Prof. Negishi was a lecturer at the Fourth Mitsui Chemicals International Symposium on Catalysis Science held in 2009.

Invited Lecture

Prof. Ei-ichi Negishi (Purdue University, U.S.A.)

The Nobel Prize in Chemistry 2009 was awarded to Prof. Prof. Ei-ichi Negishi who was one of the lecturers at MICS2009. Congratulations!

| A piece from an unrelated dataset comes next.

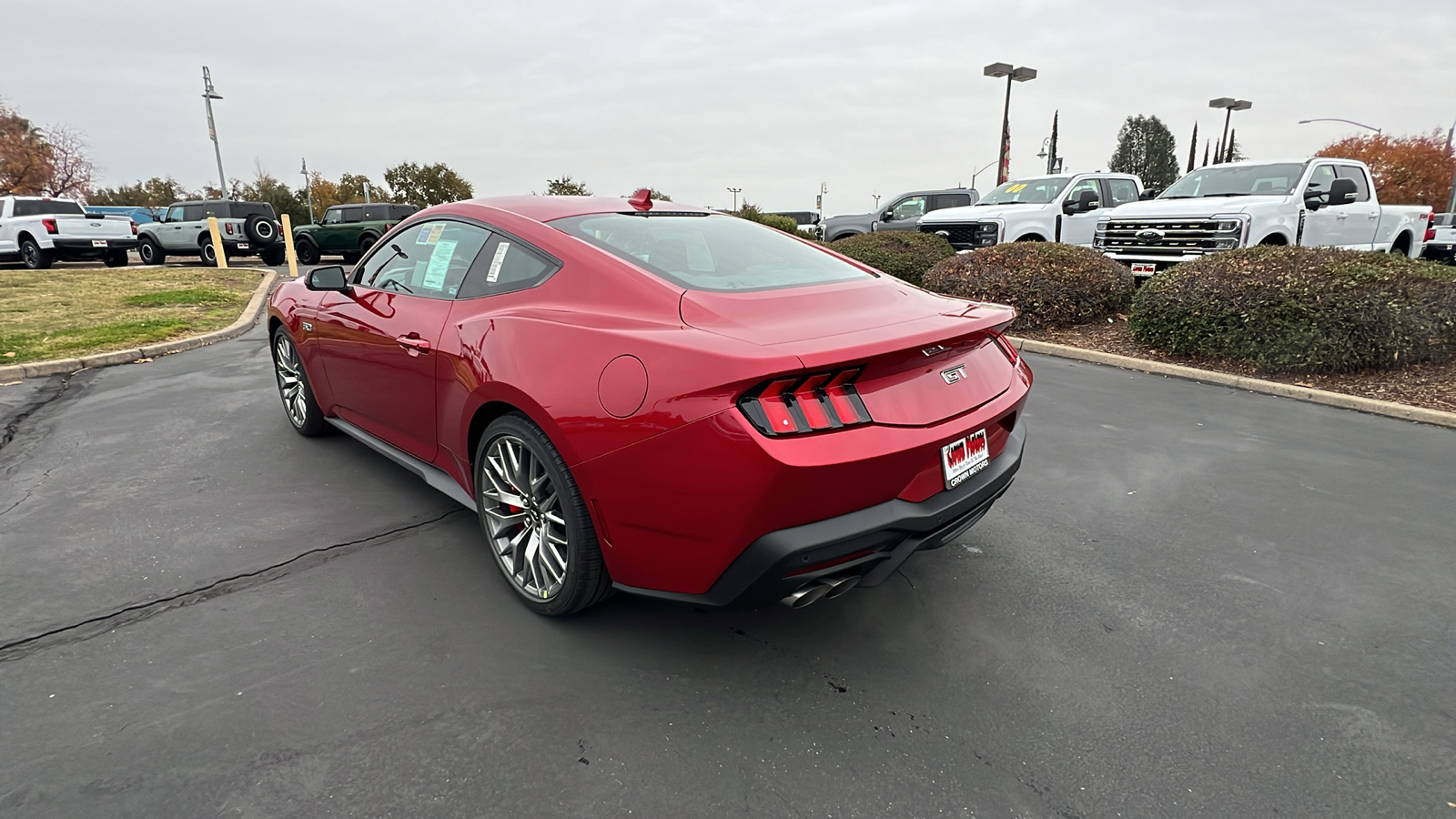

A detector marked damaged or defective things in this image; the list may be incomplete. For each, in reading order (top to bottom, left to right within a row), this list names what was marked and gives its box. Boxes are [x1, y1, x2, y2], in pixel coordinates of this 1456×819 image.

crack in asphalt [0, 369, 74, 451]
crack in asphalt [0, 507, 466, 658]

Transition Metal-Catalyzed Organometallic C-C Bond Formation Reactions That Have Revolutionized Organic Synthesis
Prof. Ei-ichi Negishi

Prof. Negishi is a pioneer in the area of transition metal-catalyzed organic synthesis. He discovered or co-discovered a number of reactions for Carbon-Carbon bond formation, notably: (a) Pd-catalyzed cross-coupling with organometals containing Al, Zn, and Zr (this reaction is widely known as “Negishi Coupling”), (b) Zr-catalyzed alkyne carboalumination*1, and (c) the ZACA reaction*2.

In this lecture, attention primarily was focused on recent advances in the Pd-catalyzed synthesis of alkenes, dienes, enynes, diynes, and their oligomers. Also discussed in some detail were the Zr-catalyzed alkyne carboalumination and the ZACA reaction. Their basic methodological developments and applications to complex natural products were also discussed.

Carboalumination: A reaction that Carbon-Carbon bond formation and Carbon-Aluminium bond formation generates to both ends of an unsaturated bond.
ZACA reaction: Zr-catalyzed Asymmetric Carboalumination of alkenes.